Segundo o gestor de fundos imobiliários da Rio Bravo, Giuliano Bandoni, vai demorar para os fundos dedicasdos a shopping centers recuperarem o brilho. Antes da pandemia eles eram os preferidos dos investidores. A expectativa era de que o crescimento da renda elevaria a frequência aos centros de compras e os aluguéis cobrados dos lojistas. No entanto, as medidas restritivas impostas pela pandemia abateram essa tese. As cotas desses fundos chegaram a recuar 40% no pior momento da crise, e ainda não retornaram aos níveis anteriores à pademia.
Um dos frutos positivos da turbulência foi a resistência mostrada por alguns dos fundos. A maior parte das carteiras tem contratos de aluguel atípicos, muito diferentes do padrão habitual. São acordos de longo prazo, travados e que cobram muitas multas em caso de descumprimento, o que garante a rentabilidade. Outra perspectiva é a diversificação dos produtos, em linha com o que ocorreu no mercado americano. Por lá, os fundos começaram como por aqui, dedicando-se a teses mais óbvias como centros de compras ou lajes corporativas. Mais tarde, com a popularização e a maturação do mercado, esses produtos se diversificaram e passaram a investir diretamente em imóveis para o varejo, em imóveis residenciais, condomínios industriais e até cemitérios. Bandoni vê um desenvolvimento semelhante. “Estão começando a surgir fundos dedicados a imóveis de varejo de altíssimo padrão, como lojas na Avenida Paulista, por exemplo”, afirmou. “Ativos como esses oferecem uma renda praticamente líquida e certa, pois sua vacância é altamente improvável.”
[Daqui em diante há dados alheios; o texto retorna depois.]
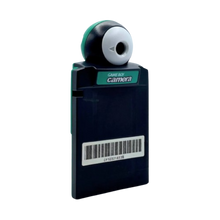 Gameboy Camera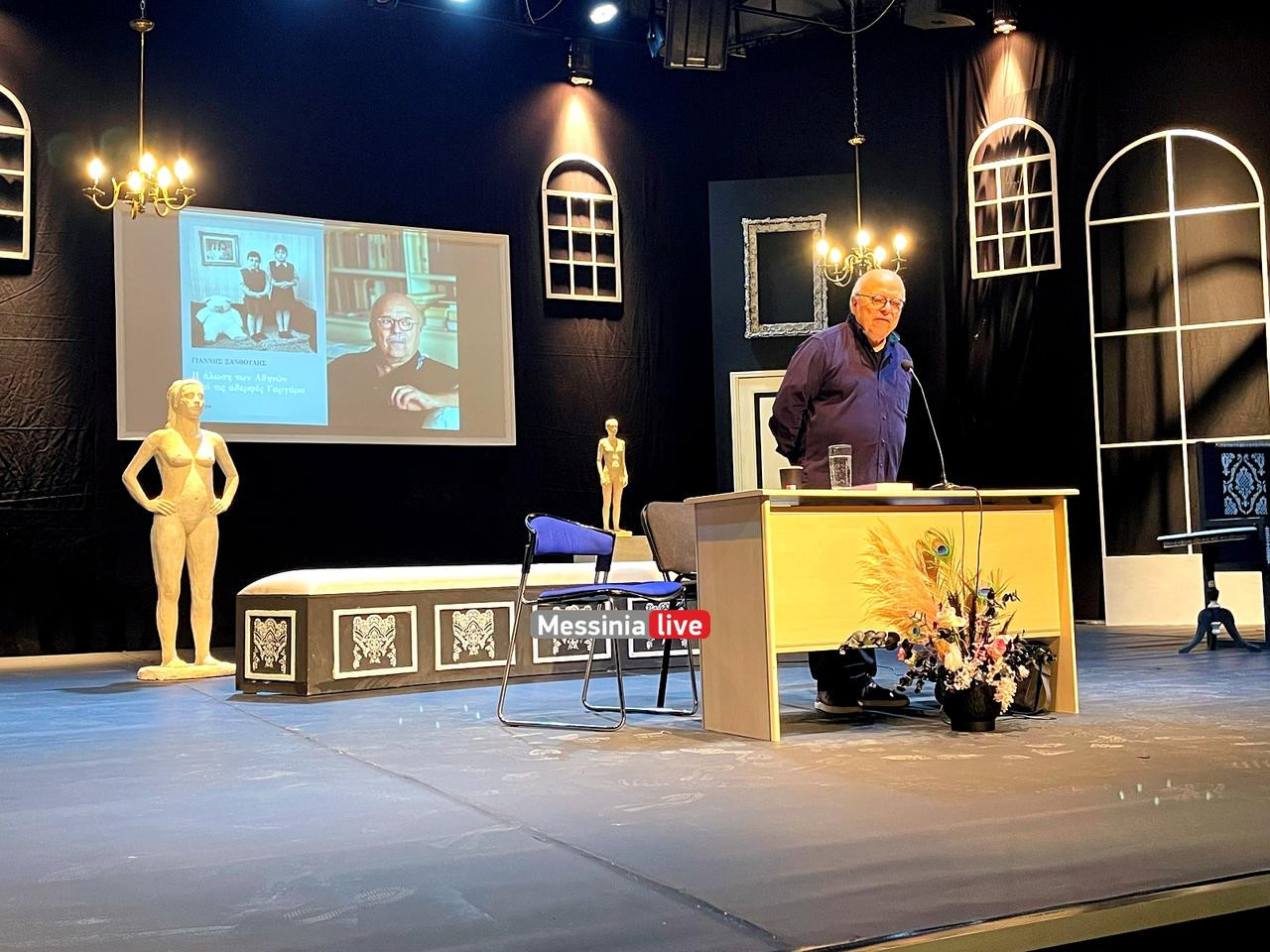 ksanthoulis-IMG-8243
Esse mercado deve continuar em expansão durante algum tempo, apesar de não se esperar uma suspensão imediata das medidas de isolamento social. A taxa de juros deverá permanecer entre 2% e 4% ao ano pelo menos ao longo dos próximos três anos, o que garantirá uma rentabilidade diferenciada para os fundos imobiliários. “No entanto, mesmo com os juros referenciais voltando ao patamar de 6% ao ano, faz sentido para o investidor manter uma parcela de seu patrimônio alocado em fundos imobiliários”, afirmou Bandoni.